Most of the default settings in Facebook allow virtually every piece of information a user posts to be viewed by "friends of friends."   I refer to this as Facebook's two degrees of separation.

This principle of two degrees of separation is similar to the examination of word-of-mouth geometric progression made famous by the old Faberge Organic Shampoo commercial in which "They told two friends, and so on, and so on."  Let's examine the math behind two degrees of separation.  Assume that you have fifty Facebook friends and that each of those people also has fifty facebook friends.  Some of those will be overlaps (shared friends) so assume, for our purposes, that each of your friends has ten friends in common with you.  That would mean that each of your friends has forty friends you do not share.  Most of these you will be entirely unaware of, many will be people you don't know.  So, any time you post information to Facebook, there is a mathematical certainty that fifty people will see it, and the mathematical possibility that two thousand (40 x 50) more people could see it as well.  And, that assumes that no one among those two thousand and fifty people chooses to forward the information on to others.

How would those two thousand strangers gain access to your Facebook information?  Here are some common ways:
  • Your friend Sally comments on your status.  All Sally's friends will receive a notification of this comment.  In the notification is a link, not only to your current status, but to all recent status updates and wall posts.
  • You comment on Bill's status.  All Bill's friends will see this comment and a link to your profile.  If you haven't locked down your photo albums, this will include access to all your photos.
  • A friend Cindy sends you good wishes on your trip to some exotic location.  All Cindy's friends now know you will not be home for the next two weeks.  What if one of Cindy's fifty friends has a predilection for B&E?
The list goes on ...

Am I being paranoid?  I don't think so.  Recently I was told of an incident in which a Chinook employee made disparaging remarks about his/her employment situation, even going so far as to mention names of people with whom he/she was unhappy.  (No names were used in telling me the story, just the outline of the incident.)  The naiveté of such a move just stuns me.  It reminds me of an incident in a classroom Internet Safety presentation I was giving, when I asked the students how they could be sure that none of their friends was also friends with their teachers.  One little girl put up her hand to say, "I'm friends with Mrs. C________" (the teacher in the room at the time).  The other students were flabbergasted.  You could just see them mentally revisiting their posts, trying to remember what they might have unwittingly divulged to their teacher.
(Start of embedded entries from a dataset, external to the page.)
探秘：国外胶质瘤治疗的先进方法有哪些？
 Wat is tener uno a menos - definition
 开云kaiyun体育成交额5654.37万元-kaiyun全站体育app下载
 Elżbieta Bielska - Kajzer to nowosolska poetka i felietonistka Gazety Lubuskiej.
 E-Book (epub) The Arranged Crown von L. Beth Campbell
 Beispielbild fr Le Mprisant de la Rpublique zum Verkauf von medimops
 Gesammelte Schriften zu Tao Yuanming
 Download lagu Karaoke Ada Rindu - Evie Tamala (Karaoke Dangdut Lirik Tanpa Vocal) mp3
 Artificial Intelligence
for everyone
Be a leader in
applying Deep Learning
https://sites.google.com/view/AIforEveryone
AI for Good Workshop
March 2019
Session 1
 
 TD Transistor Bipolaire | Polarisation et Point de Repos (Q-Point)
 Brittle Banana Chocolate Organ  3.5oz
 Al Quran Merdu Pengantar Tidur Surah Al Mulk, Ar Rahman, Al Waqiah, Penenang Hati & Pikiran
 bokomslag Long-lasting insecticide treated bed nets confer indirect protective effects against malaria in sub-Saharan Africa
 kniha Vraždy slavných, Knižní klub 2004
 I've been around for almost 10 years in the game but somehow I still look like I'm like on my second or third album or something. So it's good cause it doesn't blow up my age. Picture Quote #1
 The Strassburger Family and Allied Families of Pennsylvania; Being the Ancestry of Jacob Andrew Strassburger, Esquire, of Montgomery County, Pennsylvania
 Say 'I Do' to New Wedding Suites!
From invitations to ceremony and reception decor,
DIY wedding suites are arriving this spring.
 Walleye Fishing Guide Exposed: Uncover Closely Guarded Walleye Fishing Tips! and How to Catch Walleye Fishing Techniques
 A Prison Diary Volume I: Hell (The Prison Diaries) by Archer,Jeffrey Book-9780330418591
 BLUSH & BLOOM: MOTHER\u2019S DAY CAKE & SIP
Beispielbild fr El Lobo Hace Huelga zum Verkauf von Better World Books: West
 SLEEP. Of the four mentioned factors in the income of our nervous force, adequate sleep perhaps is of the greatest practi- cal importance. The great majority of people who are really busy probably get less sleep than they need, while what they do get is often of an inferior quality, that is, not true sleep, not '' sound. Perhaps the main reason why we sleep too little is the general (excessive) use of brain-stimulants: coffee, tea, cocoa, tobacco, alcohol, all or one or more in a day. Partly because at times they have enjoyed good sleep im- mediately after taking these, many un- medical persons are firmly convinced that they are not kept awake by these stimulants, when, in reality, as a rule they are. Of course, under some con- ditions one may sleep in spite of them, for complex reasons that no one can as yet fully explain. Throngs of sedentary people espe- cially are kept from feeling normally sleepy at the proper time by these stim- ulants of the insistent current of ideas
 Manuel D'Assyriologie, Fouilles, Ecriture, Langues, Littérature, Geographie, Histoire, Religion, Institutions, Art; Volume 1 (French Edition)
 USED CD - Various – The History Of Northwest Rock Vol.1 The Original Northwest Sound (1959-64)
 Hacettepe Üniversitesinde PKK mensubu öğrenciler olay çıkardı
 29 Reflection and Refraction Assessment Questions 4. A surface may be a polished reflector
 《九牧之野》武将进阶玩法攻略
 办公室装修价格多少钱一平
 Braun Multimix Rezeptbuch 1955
Anyone who is careless enough to comment on his/her employment situation on Facebook may want to consider the fate of these young folks, who were fired from their positions with Farm Boy food stores for comments they made on a Facebook group dedicated to grousing about working at Farm Boy.  Still not convinced?  Search for Facebook and fired in Google to turn up a host of situations in which Facebook conduct has had a negative impact on employment.

In short, always use this rule of thumb: consider anything you post on Facebook - or any other social networking site for that matter - to be in the public domain.   Remember, even if you limit your posts to your "friends," once the post is out there, there is nothing you can do to stop someone who sees it from forwarding it to others.  Remember that - unless you have specified otherwise - beside every one of your posts your friends will have a "share" button, which allows them to forward your post to all their friends.  If those friends-of-friends choose to comment on that post, then friends-of-friends-of-friends will now see what you posted.